(The problem) Each entry has to be set down again with no alteration.

Saved data entries:
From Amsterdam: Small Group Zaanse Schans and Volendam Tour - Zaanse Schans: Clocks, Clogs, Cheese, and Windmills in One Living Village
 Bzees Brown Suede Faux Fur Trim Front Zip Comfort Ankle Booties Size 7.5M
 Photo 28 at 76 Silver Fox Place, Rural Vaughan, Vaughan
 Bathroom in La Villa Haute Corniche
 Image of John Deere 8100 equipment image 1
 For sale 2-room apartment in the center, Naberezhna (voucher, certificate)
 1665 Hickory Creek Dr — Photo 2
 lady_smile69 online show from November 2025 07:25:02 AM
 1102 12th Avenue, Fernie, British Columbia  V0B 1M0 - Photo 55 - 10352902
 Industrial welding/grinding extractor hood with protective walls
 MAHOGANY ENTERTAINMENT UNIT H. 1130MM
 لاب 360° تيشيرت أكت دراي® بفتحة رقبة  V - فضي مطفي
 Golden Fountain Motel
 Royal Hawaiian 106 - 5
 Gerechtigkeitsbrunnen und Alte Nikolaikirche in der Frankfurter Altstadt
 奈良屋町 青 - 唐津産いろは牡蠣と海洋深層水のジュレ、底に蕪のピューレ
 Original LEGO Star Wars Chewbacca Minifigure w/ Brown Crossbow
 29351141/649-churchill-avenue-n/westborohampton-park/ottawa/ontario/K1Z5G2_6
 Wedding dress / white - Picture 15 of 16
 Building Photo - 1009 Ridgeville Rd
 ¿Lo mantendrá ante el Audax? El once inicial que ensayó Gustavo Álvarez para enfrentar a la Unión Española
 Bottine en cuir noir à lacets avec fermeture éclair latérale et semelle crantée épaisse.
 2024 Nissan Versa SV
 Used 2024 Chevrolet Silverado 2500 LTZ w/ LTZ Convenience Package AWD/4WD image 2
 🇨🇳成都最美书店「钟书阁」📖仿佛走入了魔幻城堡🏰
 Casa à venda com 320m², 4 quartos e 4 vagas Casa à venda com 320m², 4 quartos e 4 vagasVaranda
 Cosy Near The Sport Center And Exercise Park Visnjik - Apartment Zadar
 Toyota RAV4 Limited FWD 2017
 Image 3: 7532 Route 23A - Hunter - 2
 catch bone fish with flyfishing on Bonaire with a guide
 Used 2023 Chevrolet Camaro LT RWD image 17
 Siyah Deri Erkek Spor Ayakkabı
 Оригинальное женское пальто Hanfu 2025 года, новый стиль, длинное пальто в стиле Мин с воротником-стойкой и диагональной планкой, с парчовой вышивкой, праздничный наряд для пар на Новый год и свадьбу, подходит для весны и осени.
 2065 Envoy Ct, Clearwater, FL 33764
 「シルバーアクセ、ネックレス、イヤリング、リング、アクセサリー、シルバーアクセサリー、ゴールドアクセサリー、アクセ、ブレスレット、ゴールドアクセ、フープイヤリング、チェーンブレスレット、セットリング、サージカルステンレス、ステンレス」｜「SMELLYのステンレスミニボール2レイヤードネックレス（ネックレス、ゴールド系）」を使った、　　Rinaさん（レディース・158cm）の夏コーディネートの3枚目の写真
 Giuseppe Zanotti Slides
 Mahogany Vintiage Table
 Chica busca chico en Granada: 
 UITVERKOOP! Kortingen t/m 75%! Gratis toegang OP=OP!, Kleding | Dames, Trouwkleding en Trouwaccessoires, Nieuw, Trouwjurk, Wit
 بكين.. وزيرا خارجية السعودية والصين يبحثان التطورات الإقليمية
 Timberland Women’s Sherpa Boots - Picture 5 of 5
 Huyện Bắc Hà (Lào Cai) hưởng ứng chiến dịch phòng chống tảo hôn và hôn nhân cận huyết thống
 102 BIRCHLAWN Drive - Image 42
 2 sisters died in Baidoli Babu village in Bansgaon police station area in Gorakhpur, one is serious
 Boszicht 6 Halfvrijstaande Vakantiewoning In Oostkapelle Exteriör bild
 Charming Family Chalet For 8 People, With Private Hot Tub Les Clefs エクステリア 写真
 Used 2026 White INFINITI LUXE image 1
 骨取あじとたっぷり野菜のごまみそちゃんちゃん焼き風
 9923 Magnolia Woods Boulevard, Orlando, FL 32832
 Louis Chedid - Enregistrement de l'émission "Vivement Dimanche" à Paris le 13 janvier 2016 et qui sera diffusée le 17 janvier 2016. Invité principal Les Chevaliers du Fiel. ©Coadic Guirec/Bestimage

(Response box)
From Amsterdam: Small Group Zaanse Schans and Volendam Tour - Zaanse Schans: Clocks, Clogs, Cheese, and Windmills in One Living Village
 Bzees Brown Suede Faux Fur Trim Front Zip Comfort Ankle Booties Size 7.5M
 Photo 28 at 76 Silver Fox Place, Rural Vaughan, Vaughan
 Bathroom in La Villa Haute Corniche
 Image of John Deere 8100 equipment image 1
 For sale 2-room apartment in the center, Naberezhna (voucher, certificate)
 1665 Hickory Creek Dr — Photo 2
 lady_smile69 online show from November 2025 07:25:02 AM
 1102 12th Avenue, Fernie, British Columbia  V0B 1M0 - Photo 55 - 10352902
 Industrial welding/grinding extractor hood with protective walls
 MAHOGANY ENTERTAINMENT UNIT H. 1130MM
 لاب 360° تيشيرت أكت دراي® بفتحة رقبة  V - فضي مطفي
 Golden Fountain Motel
 Royal Hawaiian 106 - 5
 Gerechtigkeitsbrunnen und Alte Nikolaikirche in der Frankfurter Altstadt
 奈良屋町 青 - 唐津産いろは牡蠣と海洋深層水のジュレ、底に蕪のピューレ
 Original LEGO Star Wars Chewbacca Minifigure w/ Brown Crossbow
 29351141/649-churchill-avenue-n/westborohampton-park/ottawa/ontario/K1Z5G2_6
 Wedding dress / white - Picture 15 of 16
 Building Photo - 1009 Ridgeville Rd
 ¿Lo mantendrá ante el Audax? El once inicial que ensayó Gustavo Álvarez para enfrentar a la Unión Española
 Bottine en cuir noir à lacets avec fermeture éclair latérale et semelle crantée épaisse.
 2024 Nissan Versa SV
 Used 2024 Chevrolet Silverado 2500 LTZ w/ LTZ Convenience Package AWD/4WD image 2
 🇨🇳成都最美书店「钟书阁」📖仿佛走入了魔幻城堡🏰
 Casa à venda com 320m², 4 quartos e 4 vagas Casa à venda com 320m², 4 quartos e 4 vagasVaranda
 Cosy Near The Sport Center And Exercise Park Visnjik - Apartment Zadar
 Toyota RAV4 Limited FWD 2017
 Image 3: 7532 Route 23A - Hunter - 2
 catch bone fish with flyfishing on Bonaire with a guide
 Used 2023 Chevrolet Camaro LT RWD image 17
 Siyah Deri Erkek Spor Ayakkabı
 Оригинальное женское пальто Hanfu 2025 года, новый стиль, длинное пальто в стиле Мин с воротником-стойкой и диагональной планкой, с парчовой вышивкой, праздничный наряд для пар на Новый год и свадьбу, подходит для весны и осени.
 2065 Envoy Ct, Clearwater, FL 33764
 「シルバーアクセ、ネックレス、イヤリング、リング、アクセサリー、シルバーアクセサリー、ゴールドアクセサリー、アクセ、ブレスレット、ゴールドアクセ、フープイヤリング、チェーンブレスレット、セットリング、サージカルステンレス、ステンレス」｜「SMELLYのステンレスミニボール2レイヤードネックレス（ネックレス、ゴールド系）」を使った、　　Rinaさん（レディース・158cm）の夏コーディネートの3枚目の写真
 Giuseppe Zanotti Slides
 Mahogany Vintiage Table
 Chica busca chico en Granada: 
 UITVERKOOP! Kortingen t/m 75%! Gratis toegang OP=OP!, Kleding | Dames, Trouwkleding en Trouwaccessoires, Nieuw, Trouwjurk, Wit
 بكين.. وزيرا خارجية السعودية والصين يبحثان التطورات الإقليمية
 Timberland Women’s Sherpa Boots - Picture 5 of 5
 Huyện Bắc Hà (Lào Cai) hưởng ứng chiến dịch phòng chống tảo hôn và hôn nhân cận huyết thống
 102 BIRCHLAWN Drive - Image 42
 2 sisters died in Baidoli Babu village in Bansgaon police station area in Gorakhpur, one is serious
 Boszicht 6 Halfvrijstaande Vakantiewoning In Oostkapelle Exteriör bild
 Charming Family Chalet For 8 People, With Private Hot Tub Les Clefs エクステリア 写真
 Used 2026 White INFINITI LUXE image 1
 骨取あじとたっぷり野菜のごまみそちゃんちゃん焼き風
 9923 Magnolia Woods Boulevard, Orlando, FL 32832
 Louis Chedid - Enregistrement de l'émission "Vivement Dimanche" à Paris le 13 janvier 2016 et qui sera diffusée le 17 janvier 2016. Invité principal Les Chevaliers du Fiel. ©Coadic Guirec/Bestimage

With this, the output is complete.